The pressure of saving the Indian economy from sinking looms over India. The loss in revenues is burdening many states to consider restarting economic activities to start reviving the economy after a huge shock.
Delhi last week announced many relaxations and other states also plan to ease the lockdown restrictions to a huge extent. Other states also seem to be judging the situation based on the decline in the number of positive cases.
But that’s where the problem kicks in. India seems to be reporting the largest single day spike every day with each day overtaking the previous day in the coronavirus cases count.
India has now hit the 60,000 mark and it certainly isn’t looking to stop or slow down. Especially when the vaccine doesn’t seem to be coming our way anytime soon, it is a bigger risk.
An example of where lifting the lockdown soon could go wrong is in the case of Hokkaido, a Japanese province.
Unlike India’s reasons which mainly lie on the economic front for easing lockdown restrictions, Hokkaido relied purely on infection rates to lift lockdowns.
After three weeks under lockdown, authorities decided to reopen. But just 26 days later, a second wave of infections hit, and the local government was forced to reinstate restrictions.
By the time the second lockdown was implemented, Hokkaido had seen an 80% increase in confirmed cases reaching 279. As of May 5, the region had 879 cases.

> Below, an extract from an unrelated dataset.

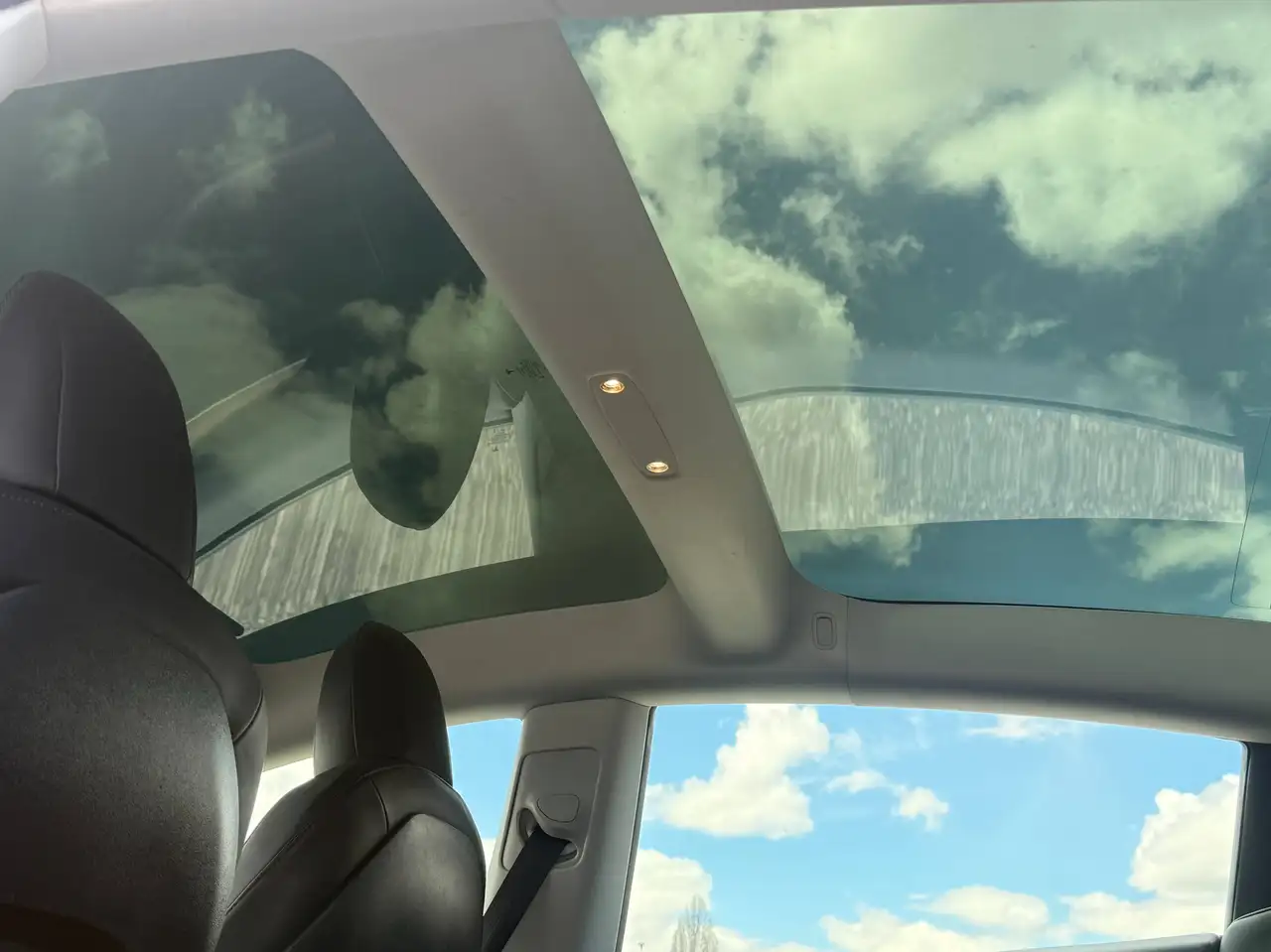 Tesla Model 3 снимка Tesla Model 3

Hence, if lockdown is lifted now, it will increase the possibilities of a large number of people getting infected. Considering India’s population size and the duration for the vaccines to develop, this leaves us in a dicey spot.
Hokkaido’s restrictions were lifted too soon under pressure from businesses and with falling infection rates providing a false sense of security.
The talk of a second wave of the virus is indeed a reality and hence it is crucial to make calculated decisions, keeping in mind the consequences.
The opening of the lockdown could end up doing more harm to businesses than if lockdown remained in place.